§ EXERCISE AIM
Only one span is wanted from the lines below: from the one with "205 Signal Ln - Photo 3" up to and including the one with "Certifikata per Transportin". Copy it exactly, without images.

[Image-text web data]
◆ ◆ ◆ ◆ ◆ ◆ ◆
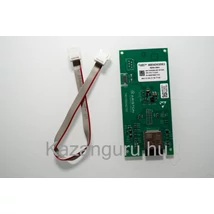 Ariston wifi  átalakitó szett lydos hybrid converting wifi set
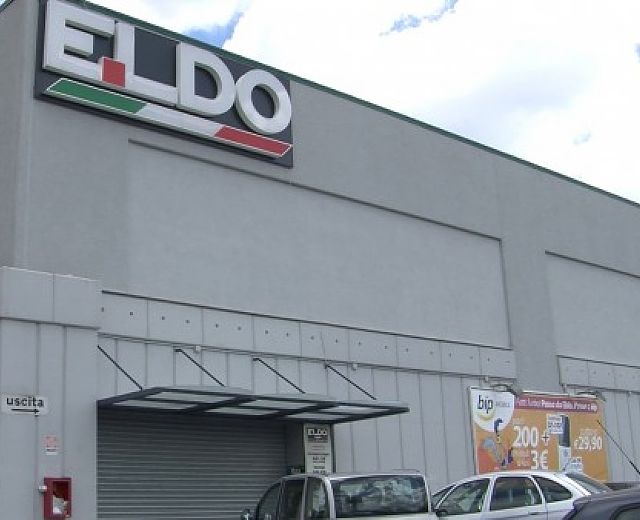18122013 magazzini eldo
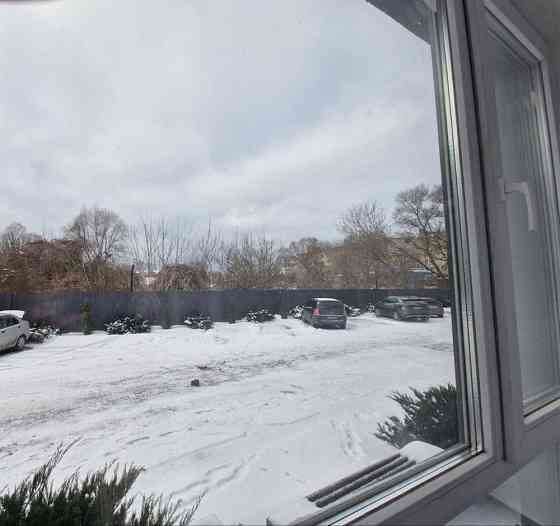 Квартира з новим ремонтом! Оформлення 2% Hostomel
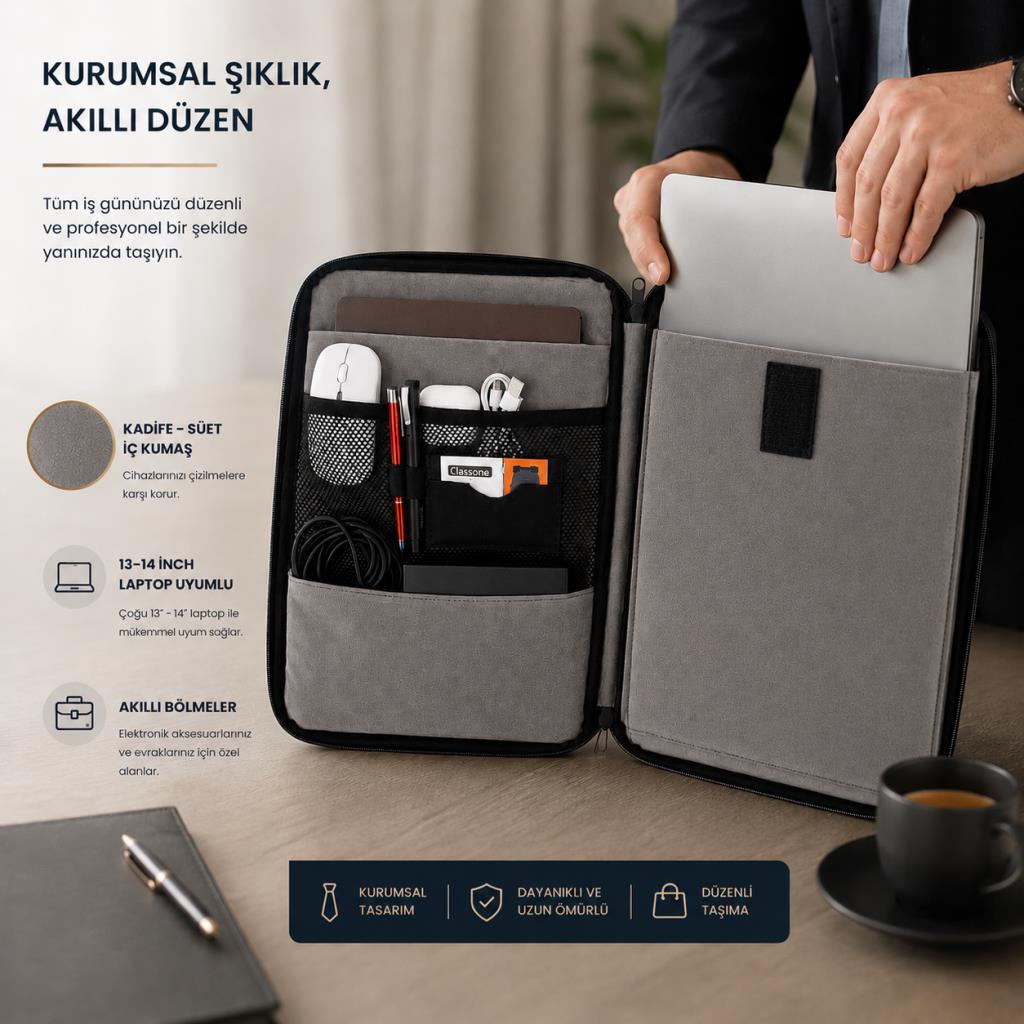mila-3in1-serisi-13-14-inch-laptop-cantasi-gri-11202.jpg
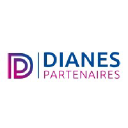 dianes-partenaire.com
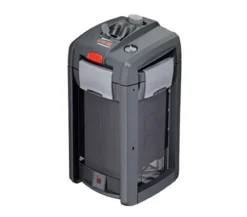 EHEIM professionel 4+ 350T Thermo Außenfilter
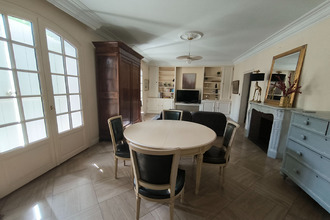 achat maison mirepoix 09500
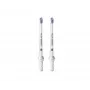 Philips Sonicare Power Flosser HX3062/00 2-pack F3 Quad Stream water flosser nozzle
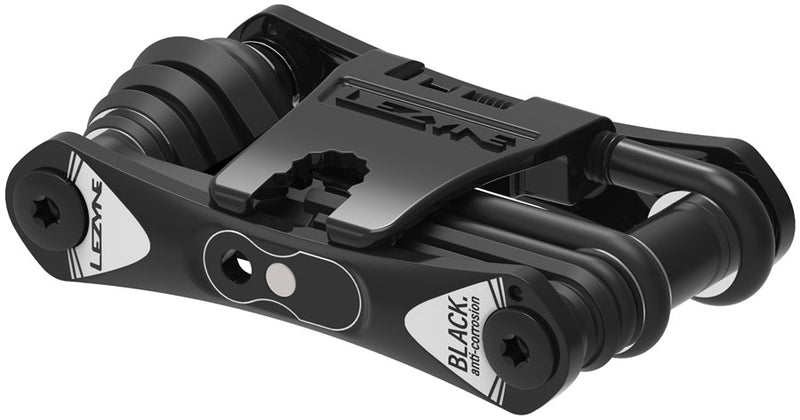 Load image into Gallery viewer, Lezyne Rap II - 18 Multi-Tool
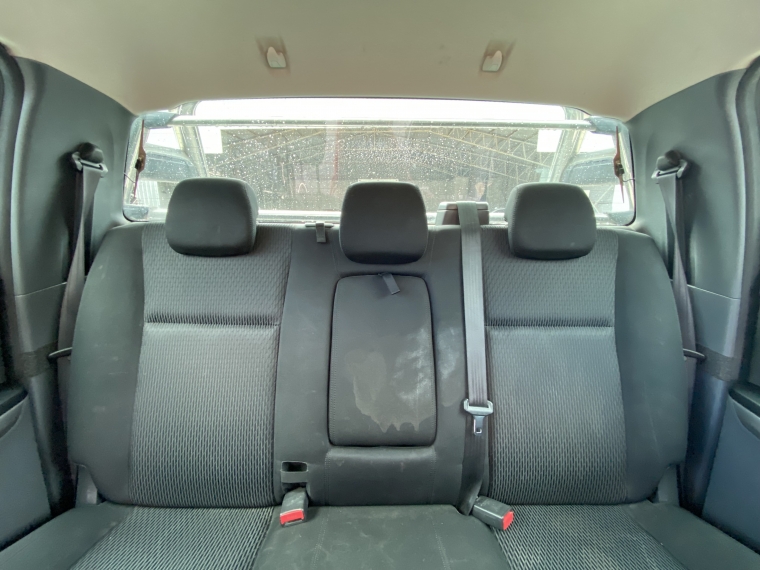 Mazda Bt-50 Dohc Dcab 2.2 2020 Usado  Usado en Kovacs Usados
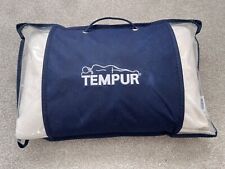 Tempur travel pillow for sale  NOTTINGHAM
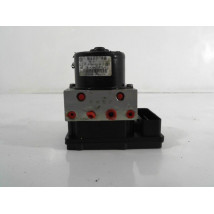 UNITE HYDRAULIQUE ABS MERCEDES CLASSE C 2000-
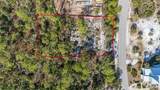 205 Signal Ln - Photo 3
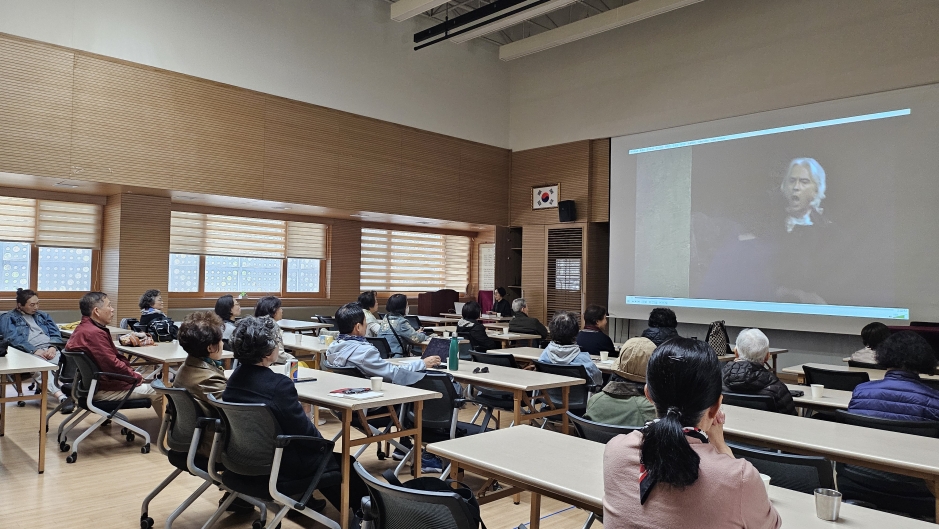 250409_5강.jpg
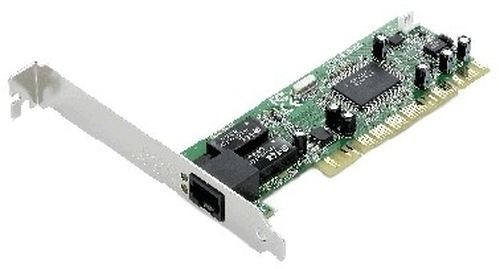 Adaptador de red ASUS NX1101 - PCI - Ethernet, Fast Ethernet, Gigabit Ethernet - 10Base-T, 100Base-TX, 1000Base-T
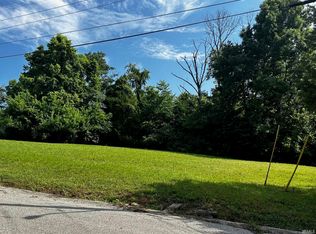 Hillside Dr, Oolitic, IN 47451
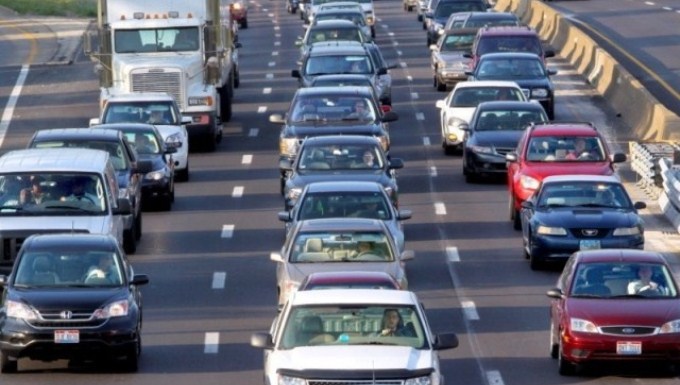 Certifikata per Transportin Rrugor Nderkombetar: Nga 8 prilli aplikimi online, behet 5 vjecare
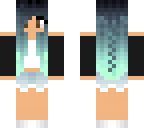 new skin edit  2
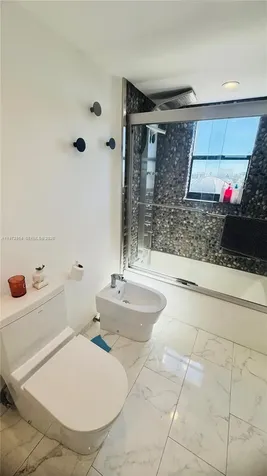 1775 Washington Avenue Miami Beach FL 33139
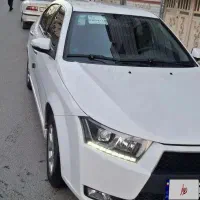 فروشی|خودرو سواری و وانت|نسیمشهر, |دیوار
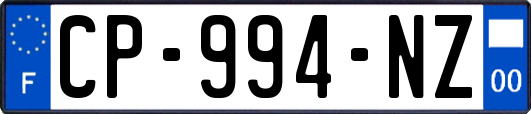 CP-994-NZ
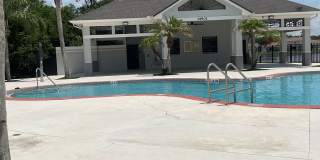 3 bed 2 bath in Hidden Lakes home for rent Gallery 17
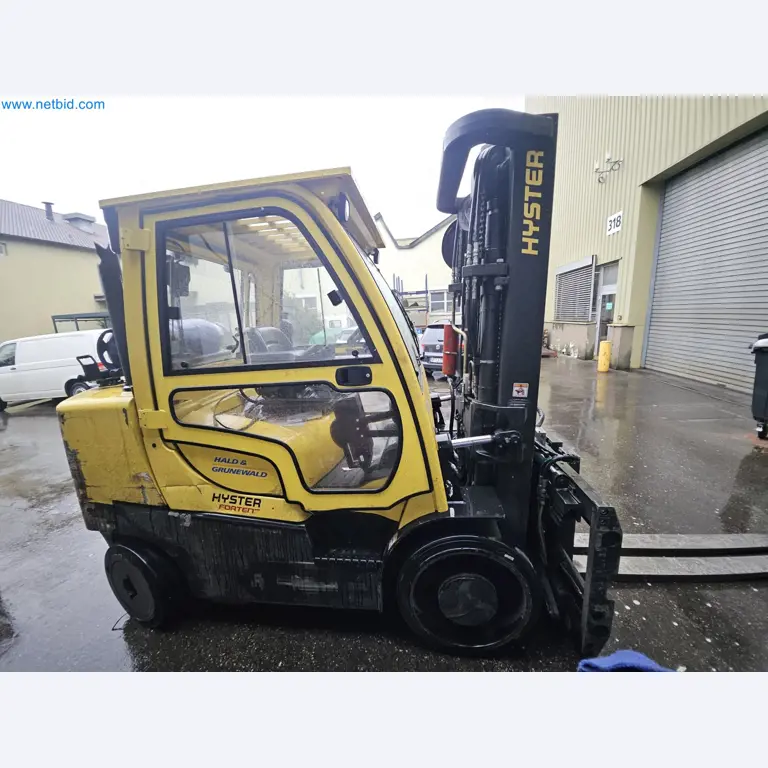 Machines and systems from the automotive supply industry-2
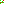 Destellos dst-1439906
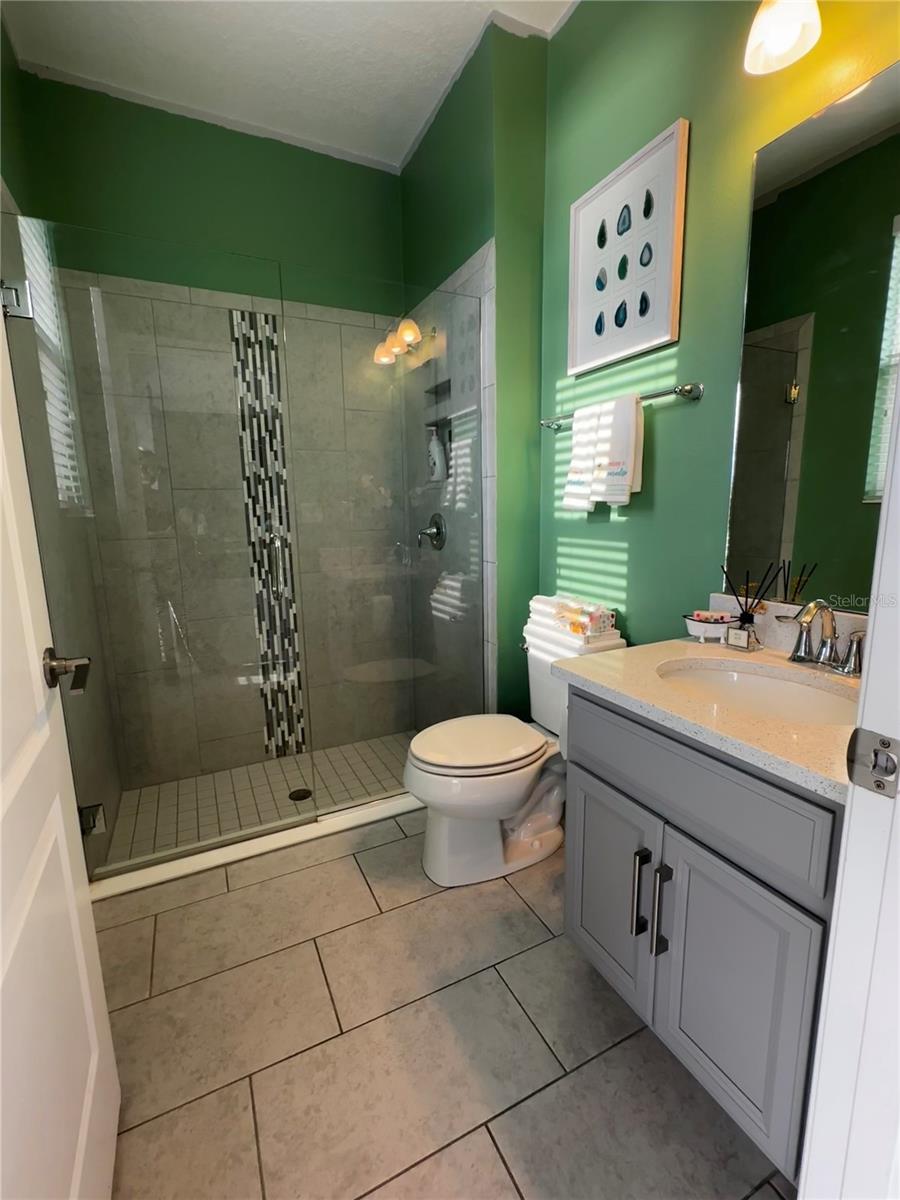 12351 NORTHOVER LOOP, ORLANDO, FL, 32824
◆ ◆ ◆ ◆ ◆ ◆ ◆
§ TASK SOLUTION
 205 Signal Ln - Photo 3
 250409_5강.jpg
 Adaptador de red ASUS NX1101 - PCI - Ethernet, Fast Ethernet, Gigabit Ethernet - 10Base-T, 100Base-TX, 1000Base-T
 Hillside Dr, Oolitic, IN 47451
 Certifikata per Transportin Rrugor Nderkombetar: Nga 8 prilli aplikimi online, behet 5 vjecare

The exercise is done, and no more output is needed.